Il laissa retomber sur le fauteuil la jeune fille, dont les lèvres se dessinaient à peine, tant pâles et blanches elles étaient, à l’unisson du reste du visage, et demeura immobile et regardant Noirtier, par qui tout mouvement du docteur était attendu et commenté.

«Monsieur, dit alors d’Avrigny à Villefort, appelez la femme de chambre de Mlle Valentine, s’il vous plaît.»

Villefort quitta la tête de sa fille qu’il soutenait et courut lui-même appeler la femme de chambre.

Aussitôt que Villefort eut refermé la porte, d’Avrigny s’approcha de Noirtier.

«Vous avez quelque chose à me dire?» demanda-t-il.

Le vieillard cligna expressivement des yeux; c’était, on se le rappelle, le seul signe affirmatif qui fût à sa disposition.

«À moi seul?

– Oui, fit Noirtier.

– Bien, je demeurerai avec vous.»

En ce moment Villefort rentra, suivi de la femme de chambre; derrière la femme de chambre marchait Mme de Villefort.

«Mais qu’a donc fait cette chère enfant? s’écria-t-elle, elle sort de chez moi et elle s’est bien plainte d’être indisposée, mais je n’avais pas cru que c’était sérieux.»

Et la jeune femme, les larmes aux yeux, et avec toutes les marques d’affection d’une véritable mère s’approcha de Valentine, dont elle prit la main.

D’Avrigny continua de regarder Noirtier, il vit les yeux du vieillard se dilater et s’arrondir, ses joues blêmir et trembler; la sueur perla sur son front.

«Ah!» fit-il involontairement, en suivant la direction du regard de Noirtier, c’est-à-dire en fixant ses yeux sur Mme de Villefort, qui répétait:

«Cette pauvre enfant sera mieux dans son lit. Venez, Fanny, nous la coucherons.»

M. d’Avrigny, qui voyait dans cette proposition un moyen de rester seul avec Noirtier, fit signe de la tête que c’était effectivement ce qu’il y avait de mieux à faire, mais il défendit qu’elle prit rien au monde que ce qu’il ordonnerait.

On emporta Valentine, qui était revenue à la connaissance, mais qui était incapable d’agir et presque de parler tant ses membres étaient brisés par la secousse qu’elle venait d’éprouver. Cependant elle eut la force de saluer d’un coup d’œil son grand-père, dont il semblait qu’on arrachât l’âme en l’emportant.

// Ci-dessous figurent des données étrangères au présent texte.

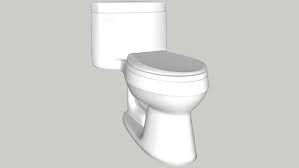 3d Warehouse View Model Toilet Cimarron Elongated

D’Avrigny suivit la malade, termina ses prescriptions, ordonna à Villefort de prendre un cabriolet, d’aller en personne chez le pharmacien faire préparer devant lui les potions ordonnées, de les rapporter lui-même et de l’attendre dans la chambre de sa fille.

Puis, après avoir renouvelé l’injonction de ne rien laisser prendre à Valentine, il redescendit chez Noirtier, ferma soigneusement les portes, et après s’être assuré que personne n’écoutait:

«Voyons, dit-il, vous savez quelque chose sur cette maladie de votre petite-fille?

– Oui, fit le vieillard.

– Écoutez, nous n’avons pas de temps à perdre, je vais vous interroger et vous me répondrez.»

Noirtier fit signe qu’il était prêt à répondre.

«Avez-vous prévu l’accident qui est arrivé aujourd’hui à Valentine?

– Oui.»

D’Avrigny réfléchit un instant puis se rapprochant de Noirtier:

«Pardonnez-moi ce que je vais vous dire, ajouta-t-il, mais nul indice ne doit être négligé dans la situation terrible où nous sommes. Vous avez vu mourir le pauvre Barrois?»

Noirtier leva les yeux au ciel.

«Savez-vous de quoi il est mort? demanda d’Avrigny en posant sa main sur l’épaule de Noirtier.

– Oui, répondit le vieillard.

– Pensez-vous que sa mort ait été naturelle?»